Japan wants its digital currency: J-Coin
A consortium led by Mizuho Financial Group and Japan Post Bank plans to launch a new digital currency, the J-Coin, before the Tokyo Olympics in 2020. A future competitor of Bitcoin?
After Sweden, which drastically reduced the volume of cash in circulation by 27% since 2011, and dragged the Nordic countries in its wake; after the United States, where the banks HSBC, Barclays, UBS, and Santander are under development of the Universal Settlement Coin; after South Korea, which set itself the goal of being 'cashless' in 2020; it is Japan's turn to dream of the abandonment of hard cash and to carry a project of digital currency, the J-Coin.
The smartphone, new wallet
The consortium project, led by Mizuho Financial Group and Japan Post Bank, and supported by the Central Bank and Japanese regulators, aims to develop technology to pay for services and merchandise via a smartphone.

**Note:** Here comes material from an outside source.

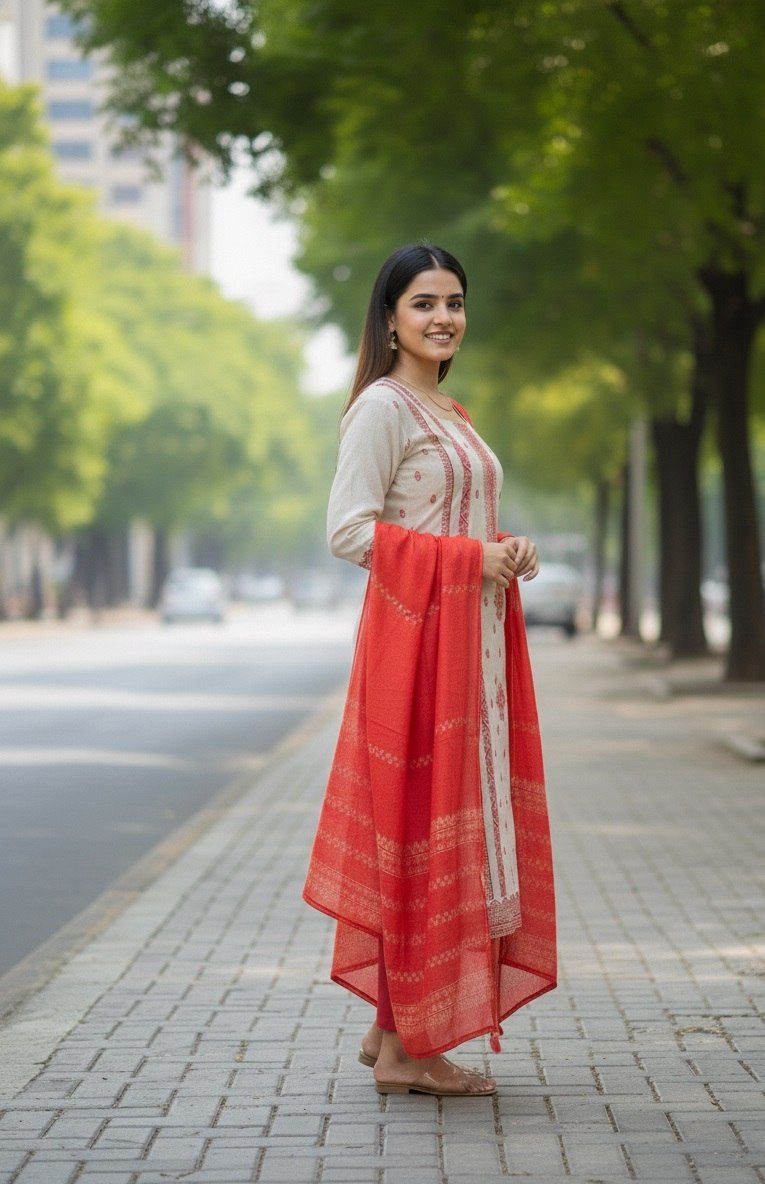 Designer Embroidered Kurta Pant Set with Printed Dupatta Perfect For Wedding Function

It must be said that in Japan, 70% of all transactions are in cash, which remains the favorite cultural payment model of the Japanese. This forces the authorities to maintain a monstrous amount of money, with costs - in processing, transportation, and auditing - for the government and the banks, which are very high.

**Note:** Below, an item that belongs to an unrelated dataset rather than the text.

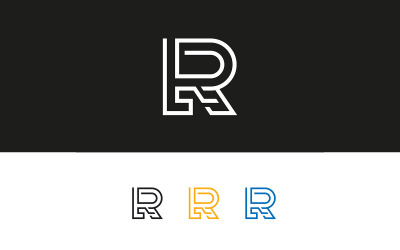 Lettera R Linea Logo Design Vector Template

In the same way, such a volume of cash causes that a large part of the transactions are undocumented, that thus they escape the taxation and feeds the black market. What to bring a reflection on the reduction of the cash and by association the deployment of methods of digital payment. Several European countries are thinking the same way.
Added to all this a deadline that makes the hair of Japanese bankers, the Tokyo Olympics in 2020. The management of cash in major international events has always been a headache for local banks!